▶ **WORK INSTRUCTION**
Where a line of the data holds the word "Black", copy that line.

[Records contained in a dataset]
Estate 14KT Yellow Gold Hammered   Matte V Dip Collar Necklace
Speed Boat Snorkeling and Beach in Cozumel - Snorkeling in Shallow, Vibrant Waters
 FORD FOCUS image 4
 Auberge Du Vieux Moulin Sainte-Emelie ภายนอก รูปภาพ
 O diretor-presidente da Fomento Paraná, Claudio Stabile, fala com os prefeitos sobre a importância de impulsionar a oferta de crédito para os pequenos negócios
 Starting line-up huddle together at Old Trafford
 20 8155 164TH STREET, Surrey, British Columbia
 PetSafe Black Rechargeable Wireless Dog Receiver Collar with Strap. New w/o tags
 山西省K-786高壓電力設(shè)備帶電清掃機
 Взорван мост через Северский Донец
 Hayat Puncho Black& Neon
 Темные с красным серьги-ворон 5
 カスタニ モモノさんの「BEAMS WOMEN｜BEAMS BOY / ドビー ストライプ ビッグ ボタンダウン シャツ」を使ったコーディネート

▶ **RESULT**
 PetSafe Black Rechargeable Wireless Dog Receiver Collar with Strap. New w/o tags
 Hayat Puncho Black& Neon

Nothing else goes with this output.